* Record set *
....................
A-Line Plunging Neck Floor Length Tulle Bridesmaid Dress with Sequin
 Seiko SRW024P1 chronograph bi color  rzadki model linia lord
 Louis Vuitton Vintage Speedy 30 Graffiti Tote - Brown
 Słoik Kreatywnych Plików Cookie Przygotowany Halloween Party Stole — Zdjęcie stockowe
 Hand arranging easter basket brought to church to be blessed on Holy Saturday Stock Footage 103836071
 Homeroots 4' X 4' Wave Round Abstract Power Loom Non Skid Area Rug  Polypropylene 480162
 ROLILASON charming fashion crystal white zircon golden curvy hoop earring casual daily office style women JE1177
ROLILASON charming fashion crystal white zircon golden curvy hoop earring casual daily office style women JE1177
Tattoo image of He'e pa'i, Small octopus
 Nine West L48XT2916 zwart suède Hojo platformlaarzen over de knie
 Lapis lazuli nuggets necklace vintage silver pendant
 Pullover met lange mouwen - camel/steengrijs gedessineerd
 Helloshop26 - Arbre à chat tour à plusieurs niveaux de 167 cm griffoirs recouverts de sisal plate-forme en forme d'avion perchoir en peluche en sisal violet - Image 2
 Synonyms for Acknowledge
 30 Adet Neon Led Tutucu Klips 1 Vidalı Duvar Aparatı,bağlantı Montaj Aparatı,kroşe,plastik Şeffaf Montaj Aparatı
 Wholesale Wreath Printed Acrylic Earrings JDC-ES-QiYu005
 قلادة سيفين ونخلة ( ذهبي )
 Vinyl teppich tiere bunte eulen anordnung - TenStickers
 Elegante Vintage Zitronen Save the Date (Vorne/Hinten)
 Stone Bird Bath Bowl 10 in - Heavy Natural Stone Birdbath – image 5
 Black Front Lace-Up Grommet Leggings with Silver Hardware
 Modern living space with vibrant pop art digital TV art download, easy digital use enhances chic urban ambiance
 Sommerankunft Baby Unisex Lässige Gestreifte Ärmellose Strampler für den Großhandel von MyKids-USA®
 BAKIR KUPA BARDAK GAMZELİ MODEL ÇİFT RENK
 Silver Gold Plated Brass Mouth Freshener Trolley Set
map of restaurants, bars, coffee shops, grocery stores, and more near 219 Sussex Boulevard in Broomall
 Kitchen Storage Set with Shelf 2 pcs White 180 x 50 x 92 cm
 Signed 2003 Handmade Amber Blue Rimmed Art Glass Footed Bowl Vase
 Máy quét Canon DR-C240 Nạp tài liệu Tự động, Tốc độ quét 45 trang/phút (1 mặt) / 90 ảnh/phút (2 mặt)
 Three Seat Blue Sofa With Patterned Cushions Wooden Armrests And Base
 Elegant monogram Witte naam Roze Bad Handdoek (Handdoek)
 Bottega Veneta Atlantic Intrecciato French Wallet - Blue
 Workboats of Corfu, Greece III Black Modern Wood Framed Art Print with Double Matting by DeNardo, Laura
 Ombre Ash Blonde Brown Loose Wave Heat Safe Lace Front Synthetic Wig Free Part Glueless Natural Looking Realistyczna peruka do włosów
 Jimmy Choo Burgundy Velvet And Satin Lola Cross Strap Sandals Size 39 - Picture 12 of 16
....................
* What needs to be done *
Which lines of the listing contain the word "Modern"? Copy each of them.

* Reply *
 Modern living space with vibrant pop art digital TV art download, easy digital use enhances chic urban ambiance
 Workboats of Corfu, Greece III Black Modern Wood Framed Art Print with Double Matting by DeNardo, Laura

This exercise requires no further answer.